Me, I'm curiouser and curiouser

Unlike the quagMier, which my esteemed co-blogger at Kesher Talk has pronouced "intensely boring", the Plame Game keeps getting more fascinating.

Not only does it provide a rare glance into the nature of the CIA's war against the Bush Administration's Iraq policy - complete with covert ops and a disinformation campaign - but now, for our delectation, we have the NYTimes implosion at full throttle.

Friday saw the publication of Bill Keller's email dissing Judith Miller, whom only days before he had feted and dined, after her release from jail.

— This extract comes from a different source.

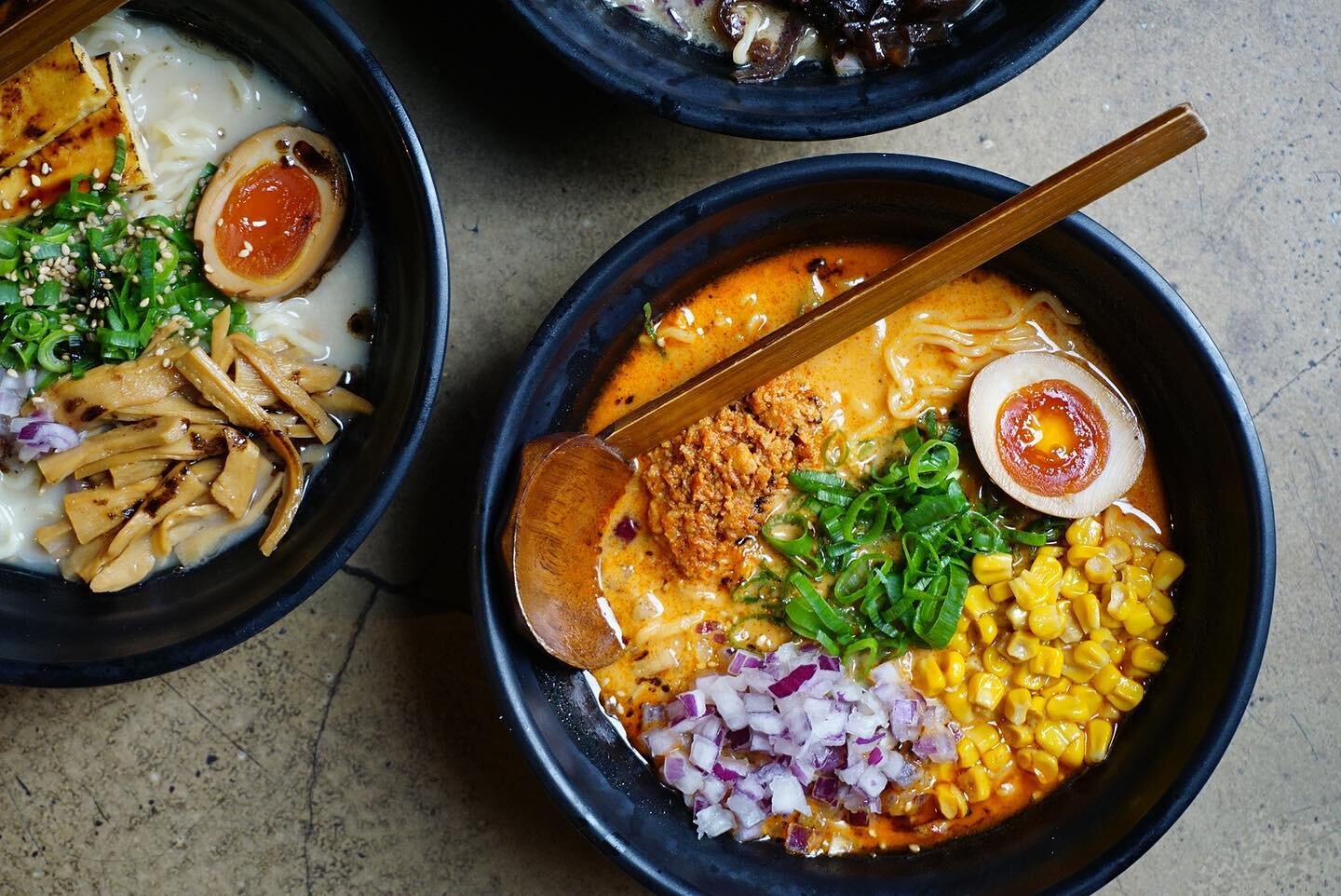 N E W S * N E W S * N E W S &bull; Ab dem 01.02.2024 werden wir zur zweiten Daikan Izakaya Base und bieten ab sofort auch Ramen an. Im Zuge dessen &auml;ndern wir unseren Namen zu *Daikan Izakaya Nippes* 

Das Menu wird sich leicht ver&auml;ndert und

Miller's response is here, where, among other things, she takes issue with Keller's curious insinuation that she was "entangled" with Libby.
As for your reference to my "entanglement" with Mr. Libby, I had no personal, social, or other relationship with him except as a source, one among many to whom I had pledged confidentiality as a reporter for The New York Times.

I know how important it is for the paper to protect its reputation, but I have my reputation to protect also.
Saturday saw Gail Collins' salvo against Miller in the shape of a Maureen Dowd shaped missile at her cattiest and bitchiest. BTW, isn't it fundamentally sexist to suggest that a female colleague ought to be leashed, even if it is in a literary context?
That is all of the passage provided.